Director of the Civil Aviation Administration of China
- In office June 1998 – May 2002
- Preceded by: Chen Guangyi
- Succeeded by: Yang Yuanyuan

Governor of Hainan
- In office September 1989 – January 1993
- Preceded by: Liang Xiang
- Succeeded by: Ruan Chongwu

Personal details
- Born: June 1936 (age 89) Tianjin, China
- Party: Chinese Communist Party
- Alma mater: Kiev Polytechnic Institute

= Liu Jianfeng (PRC) =

Chinese engineer and politician

Liu Jianfeng (刘剑锋; born June 1936) is a retired Chinese engineer and politician. From 1989 to 1993 he was Governor of Hainan Province, where he had a highly antagonistic relationship with the Chinese Communist Party Committee Secretary Deng Hongxun. He also served as Director of the Civil Aviation Administration of China and Vice-Minister of the Ministry of Electronics Industry.

==Early life and career==
Liu was born in June 1936 in Tianjin. In 1956, he joined the Chinese Communist Party. In 1961 he graduated from the radio engineering department of the Kiev Polytechnic Institute in Ukraine, USSR. After returning to China he began working for the Fourth Ministry of Machine Building.

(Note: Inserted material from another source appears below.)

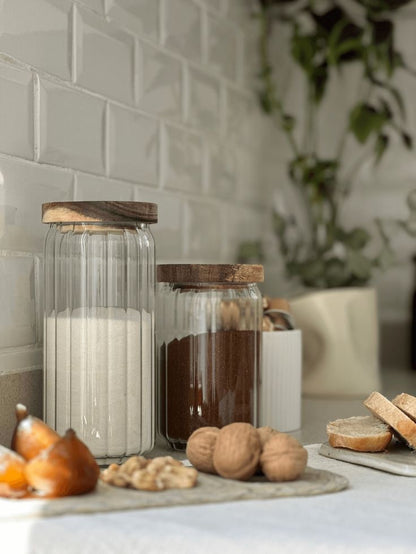 3'lü Akasya Kapaklı Çizgili Model Yüksek Hacimli Kavanoz Seti (500+ 700+ 1000 ml)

From 1981 to 1984 he was director of the No. 1425 Research Institute of the Fourth Ministry of Machine Building. In 1984, he was appointed vice-minister of the Ministry of Electronics Industry and became associated with Li Peng, then a vice-premier whose portfolio included the electronics industry.

==Governor of Hainan==
In the aftermath of the Tiananmen Square protests of 1989, the top leaders of Hainan Province, Xu Shijie and Liang Xiang, were dismissed because Liang was an ally of the reformist national leader Zhao Ziyang and Xu supported Liang's policies. Liu was selected to replace Governor Liang Xiang on the recommendation of Premier Li Peng. He was formally appointed governor on 14 September 1989, but effectively took over the position before that. In a meeting of provincial party leaders on 4 September, he emphasized that provincial cadres should implement the policy of the central government "to the letter".

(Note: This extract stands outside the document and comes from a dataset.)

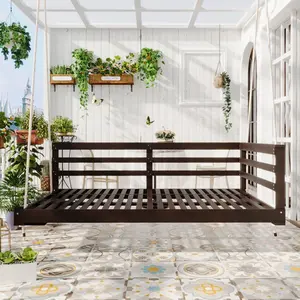 Country Patio Wooden Twin Size Swing Daybed Porch Swing Frame with 4pcs 96-inch Hemp Ropes for Backyard, Garden, Brown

However, Liu was unable to work together with the Chinese Communist Party Committee Secretary of Hainan, Deng Hongxun, who was associated with the central leaders Jiang Zemin and Qiao Shi. From 1990 to 1992, the two top officials of Hainan clashed fiercely, hindering the young province's development. By the end of 1992, Deng and Liu were trying to drive each other out of the province. A high-ranking official, Li Shanyou, accused Liu of visiting a prostitute. Li was imprisoned after the accusation was proven false, and Liu launched a counter-investigation to find the instigator, rumoured to be Deng. Their infighting became an embarrassment to the central government, which transferred both of them to Beijing in January 1993, and replaced them with a single official, Ruan Chongwu.

==Later career==
After leaving Hainan, Liu again served as vice-minister of the Ministry of Electronics Industry from 1993 to 1998. After a brief stint as vice-minister of the Ministry of Industry and Information Technology from March to June 1998, he was appointed Director of the Civil Aviation Administration of China. He served in that position until May 2002, when he reached retirement age and was replaced by Yang Yuanyuan. From 2003 to 2008, he served as Subcommittee Chairman of Foreign Affairs of the Chinese People's Political Consultative Conference (CPPCC).

Liu was a member of the 14th and the 15th Central Committee of the Chinese Communist Party.